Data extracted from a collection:
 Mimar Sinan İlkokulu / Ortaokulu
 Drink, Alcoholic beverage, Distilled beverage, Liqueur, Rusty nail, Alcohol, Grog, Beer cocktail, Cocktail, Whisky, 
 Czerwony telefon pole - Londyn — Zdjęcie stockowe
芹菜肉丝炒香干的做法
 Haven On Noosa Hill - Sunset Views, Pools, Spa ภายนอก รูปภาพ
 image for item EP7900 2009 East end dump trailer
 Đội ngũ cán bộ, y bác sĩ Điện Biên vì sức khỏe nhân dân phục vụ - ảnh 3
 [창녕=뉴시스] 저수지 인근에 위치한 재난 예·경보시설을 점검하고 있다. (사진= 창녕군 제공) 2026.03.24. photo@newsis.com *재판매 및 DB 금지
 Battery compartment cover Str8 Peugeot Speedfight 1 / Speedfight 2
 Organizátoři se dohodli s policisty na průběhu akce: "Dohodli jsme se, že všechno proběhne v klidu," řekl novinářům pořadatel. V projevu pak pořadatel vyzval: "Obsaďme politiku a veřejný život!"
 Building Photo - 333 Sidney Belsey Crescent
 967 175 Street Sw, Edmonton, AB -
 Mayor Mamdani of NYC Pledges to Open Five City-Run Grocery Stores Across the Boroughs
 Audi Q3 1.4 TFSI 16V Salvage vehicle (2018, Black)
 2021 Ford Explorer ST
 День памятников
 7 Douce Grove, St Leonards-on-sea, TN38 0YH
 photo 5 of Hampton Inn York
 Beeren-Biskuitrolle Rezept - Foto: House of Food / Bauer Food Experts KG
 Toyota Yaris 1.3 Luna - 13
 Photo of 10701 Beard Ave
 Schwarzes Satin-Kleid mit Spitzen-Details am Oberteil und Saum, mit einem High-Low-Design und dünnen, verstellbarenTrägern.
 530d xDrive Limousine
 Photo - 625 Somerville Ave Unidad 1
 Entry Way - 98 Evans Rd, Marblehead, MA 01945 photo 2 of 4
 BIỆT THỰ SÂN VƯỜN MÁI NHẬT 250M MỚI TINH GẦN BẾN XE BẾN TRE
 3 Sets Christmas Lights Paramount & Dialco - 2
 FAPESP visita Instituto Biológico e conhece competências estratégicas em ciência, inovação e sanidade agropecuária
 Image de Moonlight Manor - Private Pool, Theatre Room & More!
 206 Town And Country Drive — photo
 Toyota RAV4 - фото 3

What to produce: Each line that includes the string "Toyota" should be copied from the data.

Solution to this task:
 Toyota Yaris 1.3 Luna - 13
 Toyota RAV4 - фото 3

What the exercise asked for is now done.